### TASK INSTRUCTIONS
In your copy, reproduce the entries exactly as they are, minus the images.

───── DATASET EXTRACT ─────

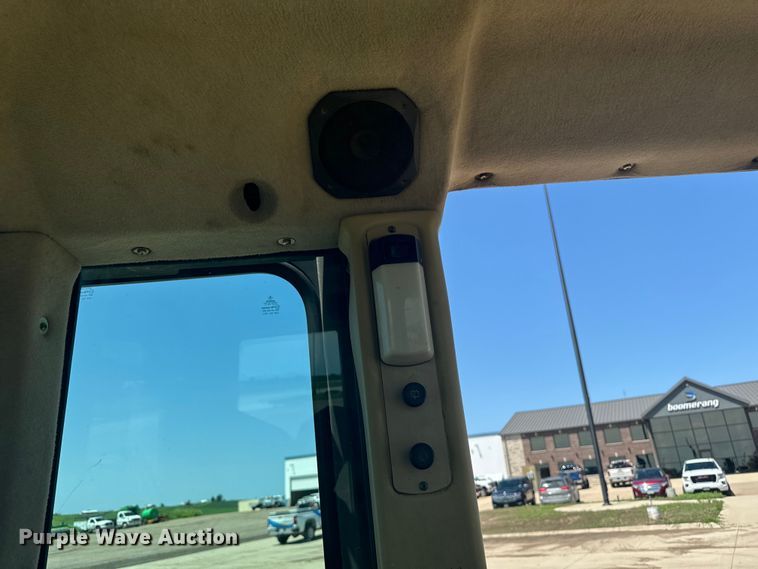 image for item EH4359 2002 Caterpillar 953C track loader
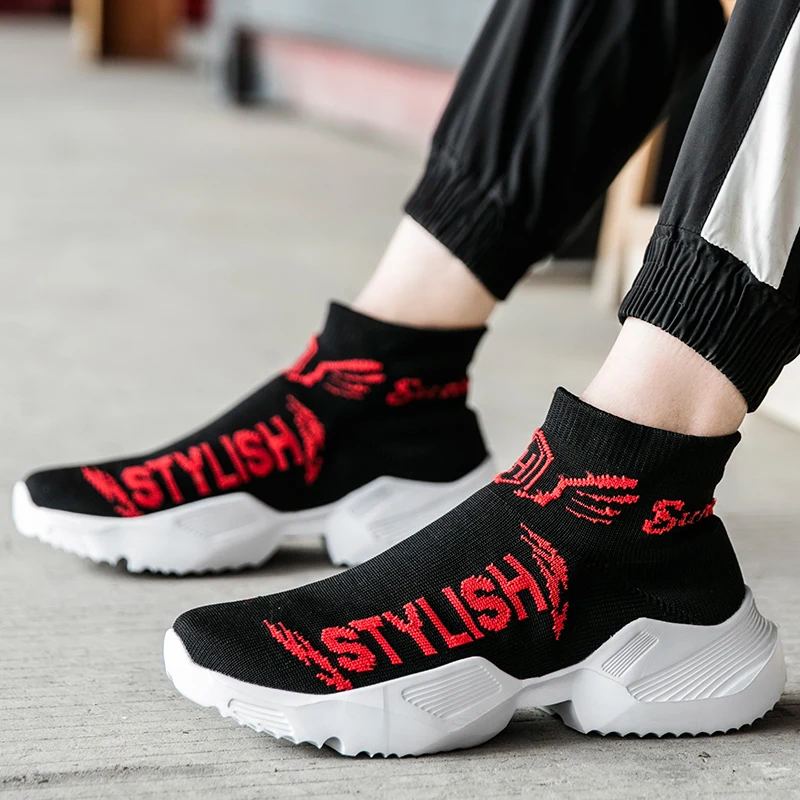 

Men's Socks Shoes Walking Running Casual Lightweight Non-slip Slip-on Sneakers Male Footwear Plus Size 39-47 zapatillas hombre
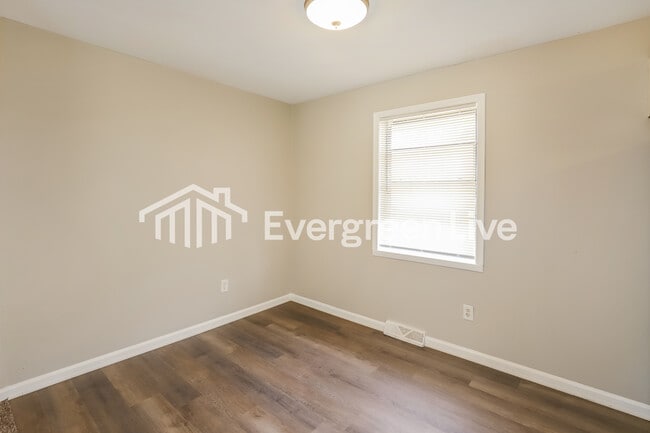 Building Photo - 4719 NW Fisk Ave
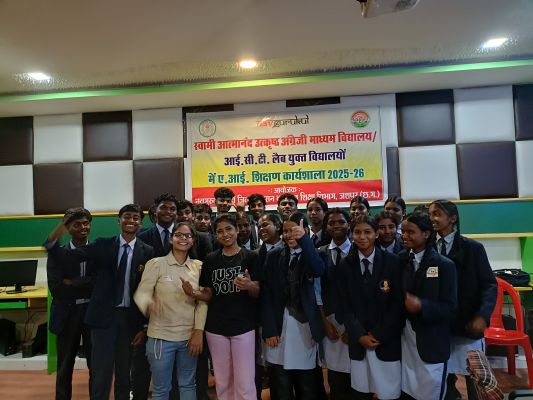 कलेक्टर रोहित व्यास के मार्गदर्शन में स्वामी आत्मानंद और आईसीटी लैब युक्त विद्यालयों में आर्टिफिशियल इंटेलिजेंस शिक्षण कार्यशाला हुई संपन्न ।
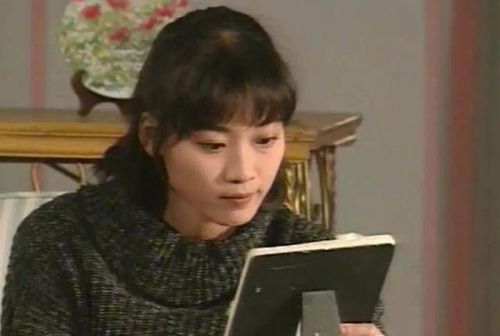 《刑事侦缉档案》中的第二单元「天使的秘密」中,义仔的女友钟可儿是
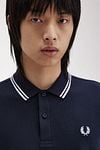 Fred Perry Longsleeve Polo Navy 238 Model / Detail
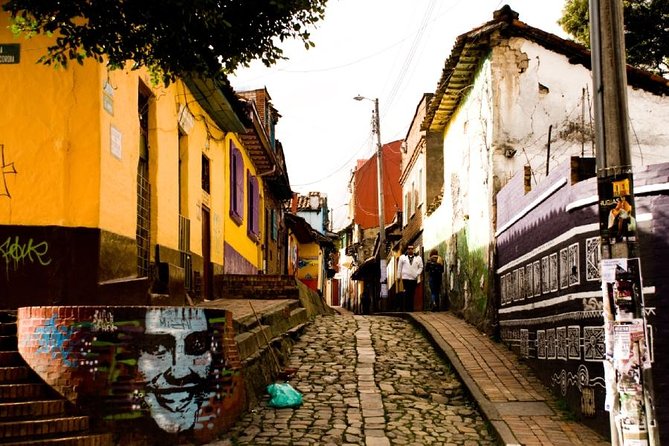 Layover Bogotá Private Tour + Transfer in & Out (4 Hrs.) - A private car makes the timing easier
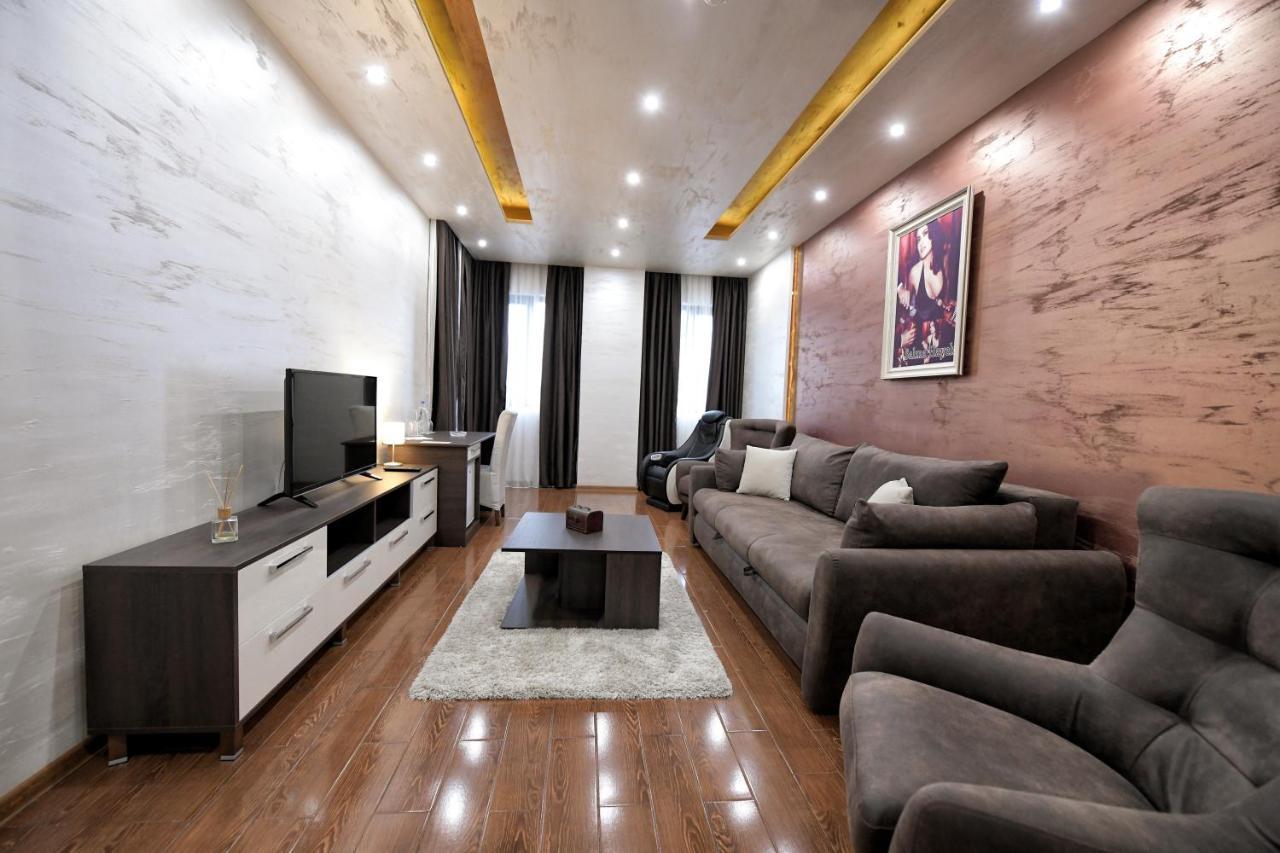 Garnet Hotel & Event Centar Ruma Bagian luar foto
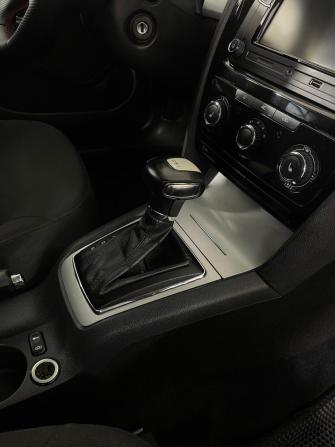 Skoda Octavia II (A5) Рестайлинг с пробегом 2011 года, цена 750 000 рублей, 253618 км, лифтбек, Автокод Объявления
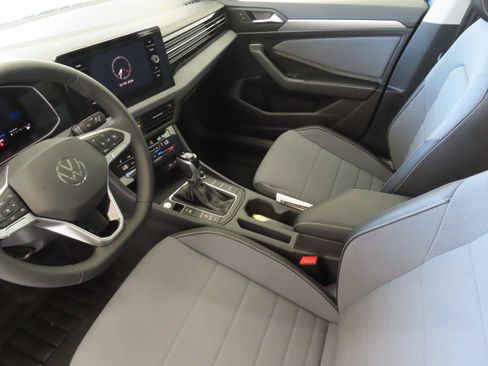 New 2026 Volkswagen Jetta SE FWD image 20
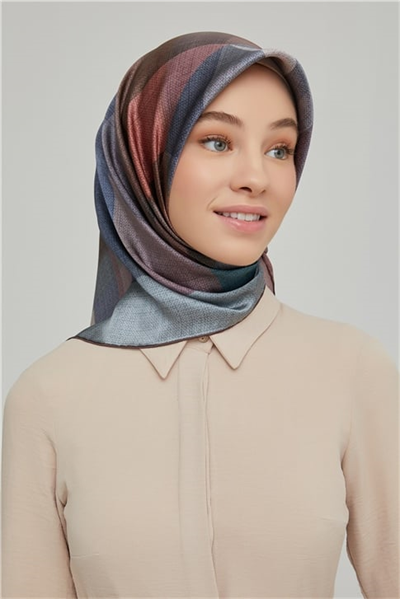Armine Sura İpek Eşarp 21Ka8623 31
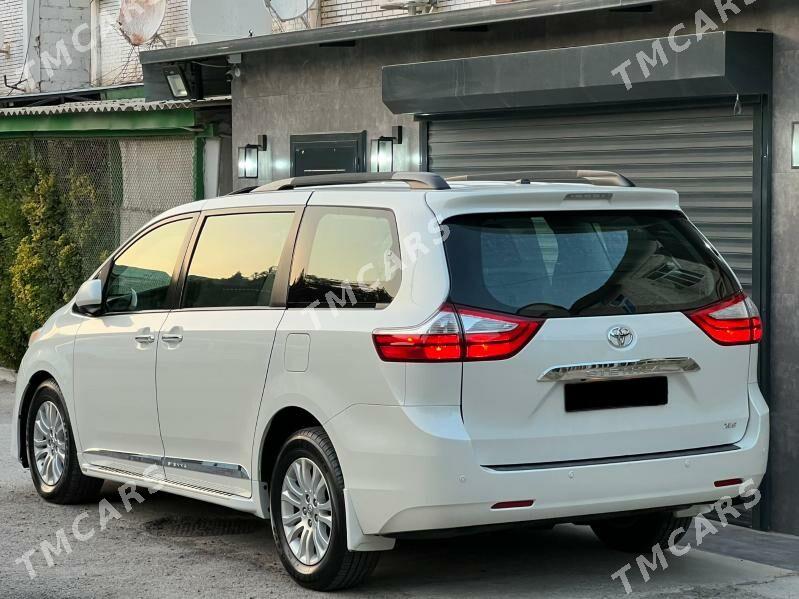 Toyota Sienna 2017 - 440 000 TMT - Туркменбаши - img 4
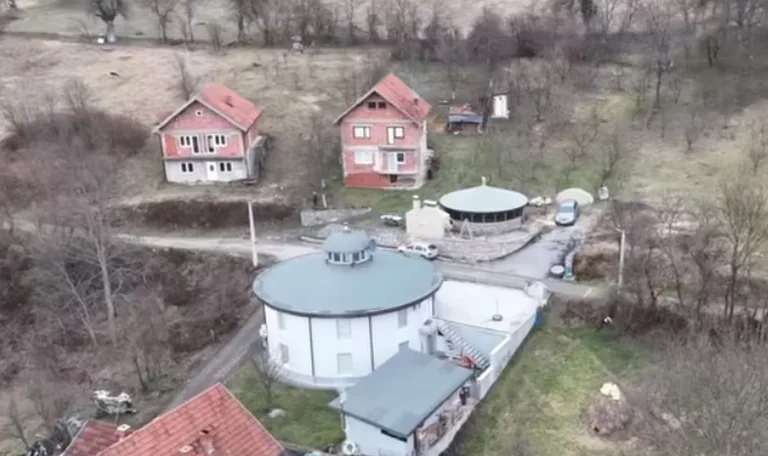 Pogledajte priču o čovjeku iz Podrinja koji je napravio okruglu kuću da mu žena ''ne dođe'' iza ćoška (VIDEO)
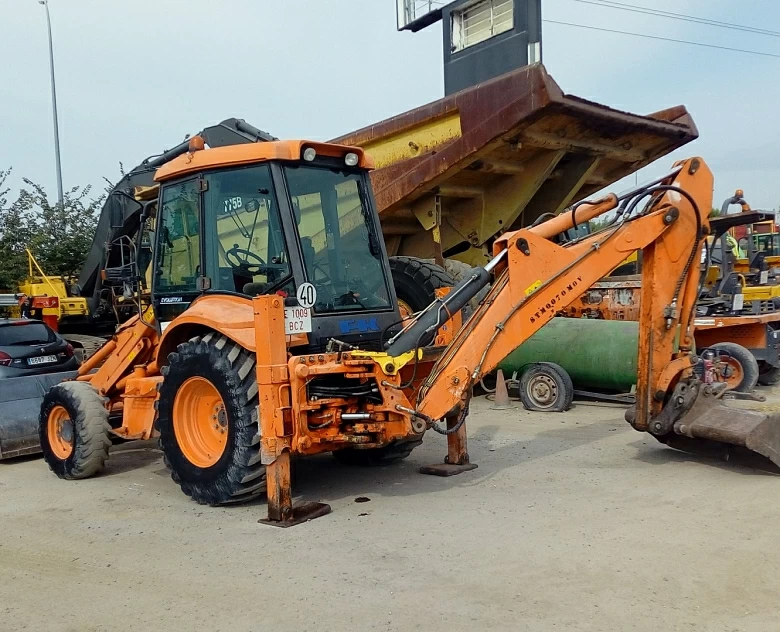 4. Retrocargadora Fiat Kobelco B95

─────

### SOLUTION FOR THIS EXERCISE
 image for item EH4359 2002 Caterpillar 953C track loader

Men's Socks Shoes Walking Running Casual Lightweight Non-slip Slip-on Sneakers Male Footwear Plus Size 39-47 zapatillas hombre
 Building Photo - 4719 NW Fisk Ave
 कलेक्टर रोहित व्यास के मार्गदर्शन में स्वामी आत्मानंद और आईसीटी लैब युक्त विद्यालयों में आर्टिफिशियल इंटेलिजेंस शिक्षण कार्यशाला हुई संपन्न ।
 《刑事侦缉档案》中的第二单元「天使的秘密」中,义仔的女友钟可儿是
 Fred Perry Longsleeve Polo Navy 238 Model / Detail
 Layover Bogotá Private Tour + Transfer in & Out (4 Hrs.) - A private car makes the timing easier
 Garnet Hotel & Event Centar Ruma Bagian luar foto
 Skoda Octavia II (A5) Рестайлинг с пробегом 2011 года, цена 750 000 рублей, 253618 км, лифтбек, Автокод Объявления
 New 2026 Volkswagen Jetta SE FWD image 20
Armine Sura İpek Eşarp 21Ka8623 31
 Toyota Sienna 2017 - 440 000 TMT - Туркменбаши - img 4
 Pogledajte priču o čovjeku iz Podrinja koji je napravio okruglu kuću da mu žena ''ne dođe'' iza ćoška (VIDEO)
 4. Retrocargadora Fiat Kobelco B95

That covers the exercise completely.